A shorter version of this article was originally published in The Backyard Church on June 27, 2025.
While many Christians came name the moment that made them rethink their faith, I can’t pinpoint one. I can pinpoint one epiphany, but it had nothing to do with my faith. A statement in a class on phenomenology changed my thinking forever. During a lecturing on Plato and Heidegger, a student asked, “But Dr. Driedbach, didn’t Plato say the exact opposite in…” I forgot which dialogue. (It was fifty years ago.)
Driesbach didn’t pause. He informed the student, “Plato forgot.”
And there it was. Philosophy is fallible because humans are fallible. Which resolved issues that arose for me in my philosophy of religion class where I first leaned of Charles Hartshorne’s rebuttal to Anselm (who I discuss further down).
Put simply, statements about God are meaningless because those who make them refuse to explain what it would take to disprove them. In other words, it doesn’t matter what proof you offer, it will never be enough for us to admit we’re wrong. (A sentiment anyone who’s survived a fundamentalist/evangelical upbringing will appreciate.) Accordingly, statements about God such as, “He will cover you with his feathers, and under his wings you will find refuge,” are little more than poetry and nonsense.

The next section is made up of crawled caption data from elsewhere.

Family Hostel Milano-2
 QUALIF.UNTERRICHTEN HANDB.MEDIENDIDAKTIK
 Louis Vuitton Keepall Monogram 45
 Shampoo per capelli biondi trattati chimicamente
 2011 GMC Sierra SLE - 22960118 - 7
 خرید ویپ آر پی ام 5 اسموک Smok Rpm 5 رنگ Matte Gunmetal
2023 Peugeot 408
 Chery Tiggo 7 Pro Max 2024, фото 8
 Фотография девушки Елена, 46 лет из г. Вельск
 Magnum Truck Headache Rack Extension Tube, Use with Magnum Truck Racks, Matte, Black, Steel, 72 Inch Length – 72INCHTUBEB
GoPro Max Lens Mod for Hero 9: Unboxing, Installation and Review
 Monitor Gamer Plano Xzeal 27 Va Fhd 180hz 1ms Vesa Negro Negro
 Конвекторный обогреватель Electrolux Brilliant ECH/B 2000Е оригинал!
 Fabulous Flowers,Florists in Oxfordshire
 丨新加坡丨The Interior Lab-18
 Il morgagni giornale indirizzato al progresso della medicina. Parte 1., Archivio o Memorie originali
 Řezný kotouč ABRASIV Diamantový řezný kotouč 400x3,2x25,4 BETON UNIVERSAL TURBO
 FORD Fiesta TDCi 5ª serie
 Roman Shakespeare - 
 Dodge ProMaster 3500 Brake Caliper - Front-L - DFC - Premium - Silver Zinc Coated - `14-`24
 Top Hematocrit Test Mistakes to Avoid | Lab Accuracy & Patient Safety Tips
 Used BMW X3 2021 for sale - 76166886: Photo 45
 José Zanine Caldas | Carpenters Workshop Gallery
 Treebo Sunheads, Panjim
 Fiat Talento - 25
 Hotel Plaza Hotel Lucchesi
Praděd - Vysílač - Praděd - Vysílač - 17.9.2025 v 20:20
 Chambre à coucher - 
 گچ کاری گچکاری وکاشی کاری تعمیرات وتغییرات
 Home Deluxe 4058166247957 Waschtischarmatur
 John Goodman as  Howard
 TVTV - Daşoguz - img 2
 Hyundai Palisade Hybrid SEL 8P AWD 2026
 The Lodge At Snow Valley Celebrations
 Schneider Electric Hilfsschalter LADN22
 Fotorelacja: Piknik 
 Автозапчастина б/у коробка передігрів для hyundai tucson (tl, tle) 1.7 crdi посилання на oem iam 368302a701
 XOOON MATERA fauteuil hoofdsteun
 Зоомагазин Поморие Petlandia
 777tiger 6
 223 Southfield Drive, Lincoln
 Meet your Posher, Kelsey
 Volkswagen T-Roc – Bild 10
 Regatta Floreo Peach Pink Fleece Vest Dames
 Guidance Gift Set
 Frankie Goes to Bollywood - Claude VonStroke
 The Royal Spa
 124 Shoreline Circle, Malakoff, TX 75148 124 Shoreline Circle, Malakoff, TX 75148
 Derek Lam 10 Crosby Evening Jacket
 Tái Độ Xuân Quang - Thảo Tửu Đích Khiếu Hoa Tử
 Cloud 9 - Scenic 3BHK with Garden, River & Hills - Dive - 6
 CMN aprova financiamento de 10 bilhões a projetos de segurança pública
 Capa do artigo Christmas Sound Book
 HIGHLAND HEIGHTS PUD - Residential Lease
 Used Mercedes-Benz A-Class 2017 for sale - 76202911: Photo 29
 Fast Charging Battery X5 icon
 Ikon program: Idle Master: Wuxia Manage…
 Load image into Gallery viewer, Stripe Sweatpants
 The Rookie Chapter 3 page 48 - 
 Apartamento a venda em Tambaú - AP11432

That statement disturbed me. I realized the philosophical tradition equated scientific statements with poetry and metaphor. I would never argue that metaphors were scientific, but I would never deny them meaning. Soon I discovered that European philosophers agreed with me, leading me to cognitive metaphor theory, deconstruction, postmodernism, and narrative theory, only to discover, to my horror, that the Christian Right had subverted postmodern theory to create chaos and dissension and disrupt political systems and the assemblies of Jesus as well.
Once staunch advocates of absolutism, the Christian Right now aggressively pushes an anti-Jesus, anti-gospel (good news) agenda while responding to their critics with, “that’s your truth. I don’t have to listen.” All the while they make sure the rest of us listen to “their truth” by drowning out the media landscape.
Nature of human minds
For thousands of years philosophers and scholars believed we could find truth, either by experimentation or the process of reason. Christians have believed we could find truth through the teachings of the church or by reading scripture. The fact that no one ever agreed on any conclusion, ever, never clued us in that we might be wrong.
Sometime in the 20th century that changes. Scientists developed the tools to study the human brain, of which we knew very little. Philosophers such as Wittgenstein and Derrida demonstrated that language is slippery, which make the ideas we express with language more slippery.
The academic community still hasn’t (and likely never will) reached consensus, but we can pull some useful threads from their discoveries and discussions.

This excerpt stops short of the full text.